Ultimately, the schools can always opt to take any revenue losses out of the hides of Olympic sports. The football beast must be fed ever-increasing amounts, even when college athletics is navigating a financial crisis. As my colleague Michael Rosenberg wrote last week, “College sports, purportedly a celebration of amateur athletics, are an exercise in big squashing little: large conferences whipping small ones, and revenue sports hogging resources from non-revenue sports.”
My stance in December was that the only way Texas could justify the money to fire Herman and his well-compensated staff was if it had Urban Meyer on the hook as the replacement. If you can bring in a national champion, make the move. If you’re firing a coach who improved the product over the previous regime (Herman was 32-18 in four seasons), the next guy has to be a slam dunk.
Instead, the next guy is Sark.
Will he work out? Maybe. If so, it’s a great redemption story for a guy who lost the USC job due to personal problems reportedly tied to alcohol use. And Sark has done exemplary work as Alabama’s OC, calling plays for what has become an offensive juggernaut. There is a reason the school bumped his pay to $2.5 million in 2020, highest of any offensive coordinator; Crimson tide coach Nick Saban valued his work that much.

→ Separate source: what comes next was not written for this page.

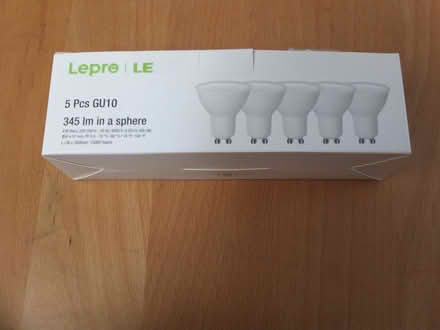 Photo of free 5 LED bulbs (Battle TN33) #1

But Sark has a career record of 46-35 at Washington and USC. His best season was going 9-4 with the Trojans in 2014, which by USC standards is somewhere between ho and hum. He’s never had a team finish a season ranked higher than 20th. He also was fired as offensive coordinator of the Atlanta Falcons in 2018.
That’s the guy triggering a $50 million decision?
Maybe at this stage of his life, Sarkisian is prepared to do his best work. He’s only 46 years old, and working under Saban is the best place both to rehab an image and learn how to lead a championship-level program. But anyone who says this is a sure thing is only guessing.
Once, Texas courted Saban. Then, it courted Meyer. Now, Texas is going to roll with Saban’s play caller and hope for the best.
Meanwhile, Texas has one other big move it needs to make this weekend: it needs to release the 18 December signees from their national letters of intent. They comprised the No. 18 class in the nation, according to SI All-American, and they were signed under false pretense regarding who would be their coach.
Maybe they’ll want to stay and play for the new regime. But maybe not. They should have every opportunity to pursue other options immediately after their bait-and-switch recruitment.
The tepid statement about Herman from Del Conte on Dec. 12 was almost assuredly as much about placating recruits and getting them signed as anything else. He issued it five days before signing day. In retrospect, it’s an incredibly cynical move.
Now those recruits have gotten an early indoctrination into College Sports Inc., where there is never enough money to adequately compensate the players but always enough to buy out a coach who isn’t winning enough.